Scraped caption text data
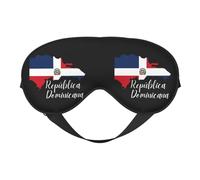 Dominican Republic Map Flag Eye Mask Sleep Mask Light BlockBlindfold Night Eyes Cover Soft Pressure-Free Eyeshade with Elastic Strap for Home Travel Office Nap Yoga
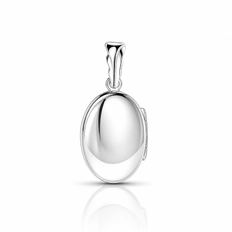 Pingente Relicário Oval Espelhado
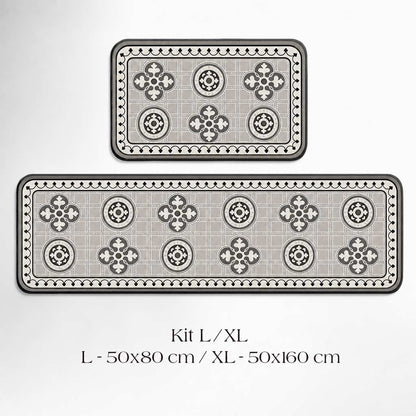 Bruges Tile Kitchen Rug Set – 2 Pieces
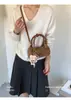 Bolsa de Mão Polca Elegante para Mulheres, Novo Modelo de Outono 2026, Bolsa Cilindro de Ombro Cruzado de Alta Qualidade Maillard para o Dia a Dia
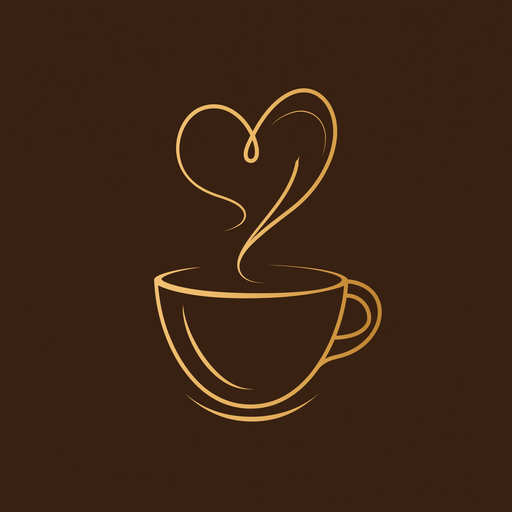 Brew Crush logo — a coffee cup with heart-shaped steam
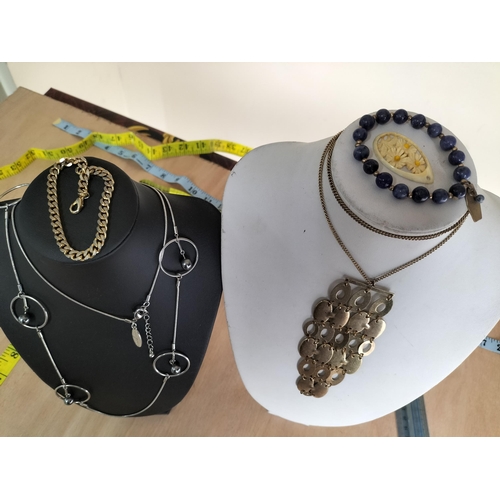 36 - Lapis Bracelet, FCUK Necklace & Jasper Conran Necklace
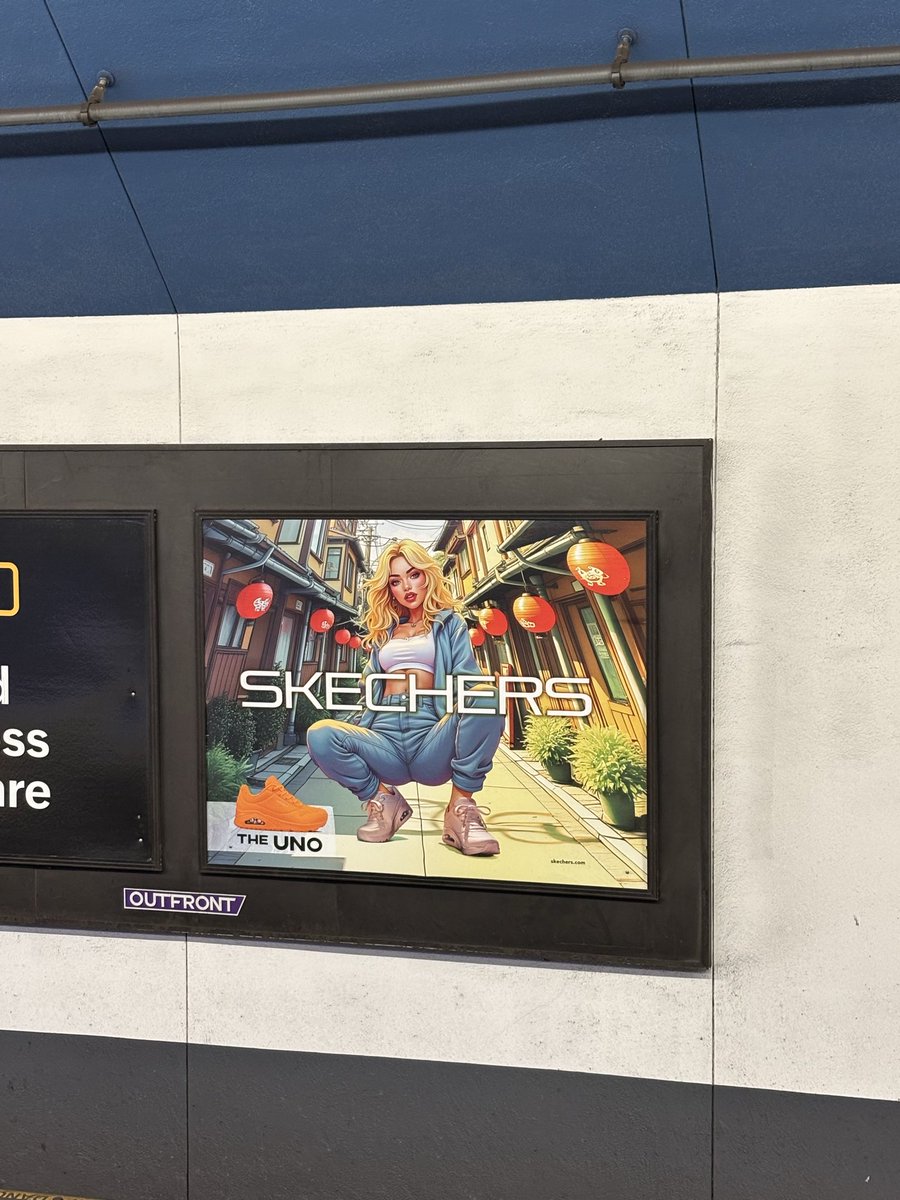 a pretty sexual sketchers ad…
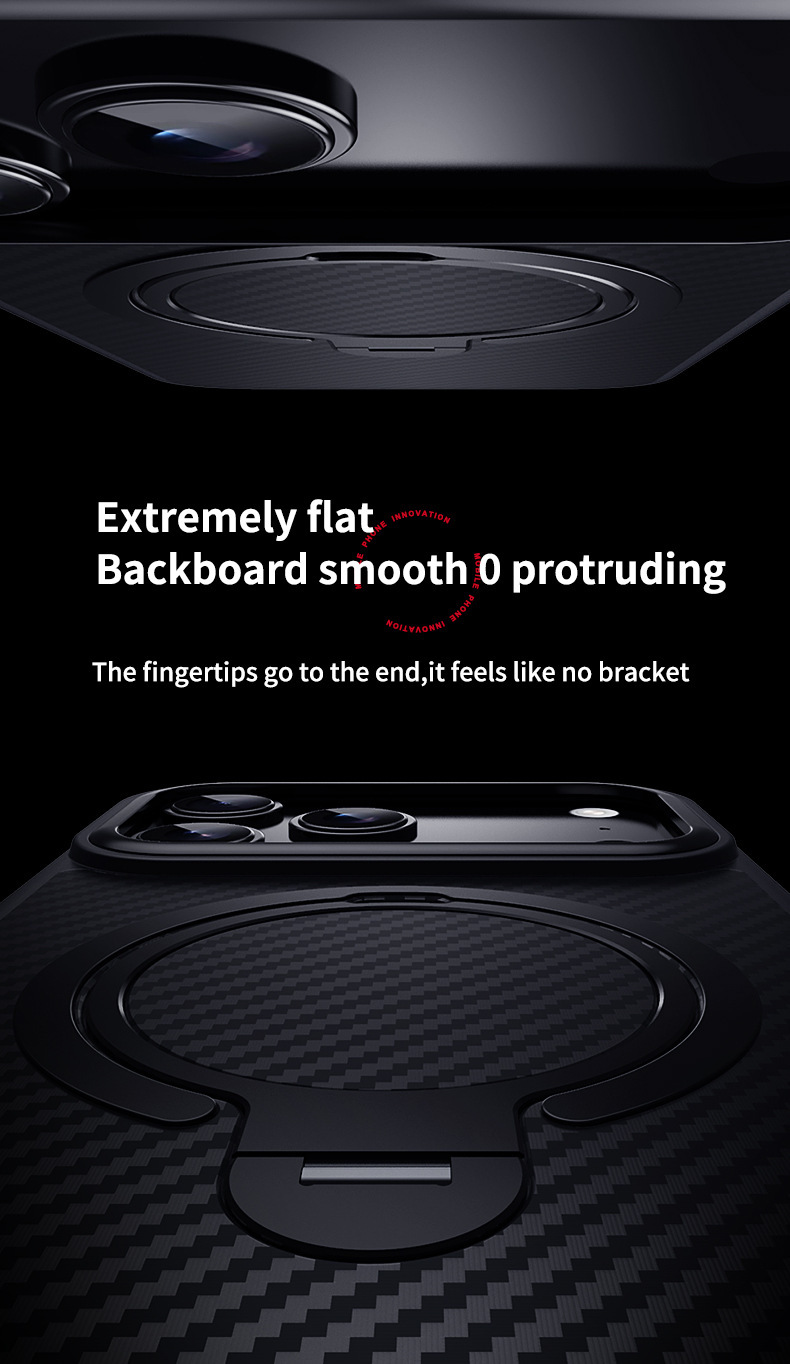 Compatible with Apple 17 Air, 16 Pro Max magnetic rotating stand, 15 Plus carbon fiber textured protective case, 14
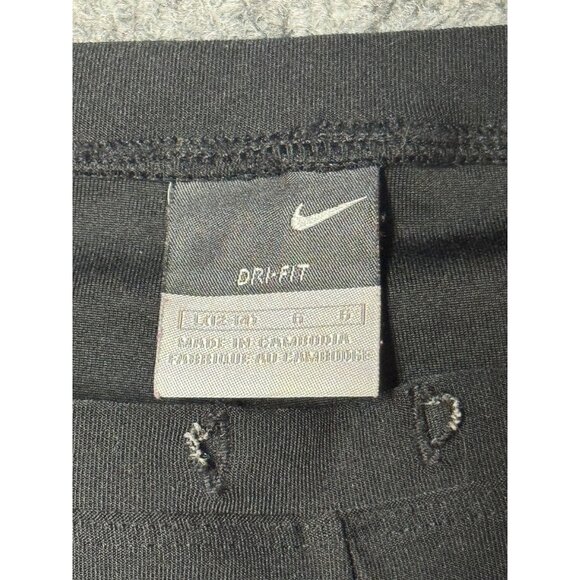 Nike Dri-Fit Cropped Capri Pants Womens Large Black & Pink - Picture 4 of 10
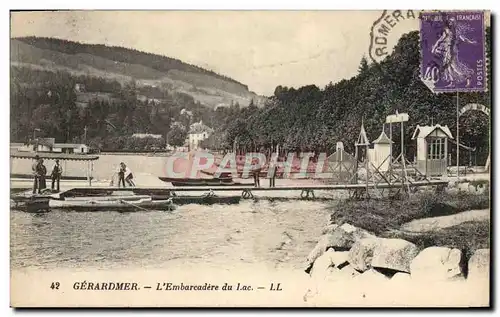Cartes postales Gerardmer L&#39Embarcadere du Lac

WHAT IS NEEDED
For this exercise, set down the lines in the entries above from the one with "Bolsa de Mão" through the one with "36 - Lapis Bracelet, FCUK" exactly as written, without any pictures.

PROBLEM SOLUTION
 Bolsa de Mão Polca Elegante para Mulheres, Novo Modelo de Outono 2026, Bolsa Cilindro de Ombro Cruzado de Alta Qualidade Maillard para o Dia a Dia
 Brew Crush logo — a coffee cup with heart-shaped steam
 36 - Lapis Bracelet, FCUK Necklace & Jasper Conran Necklace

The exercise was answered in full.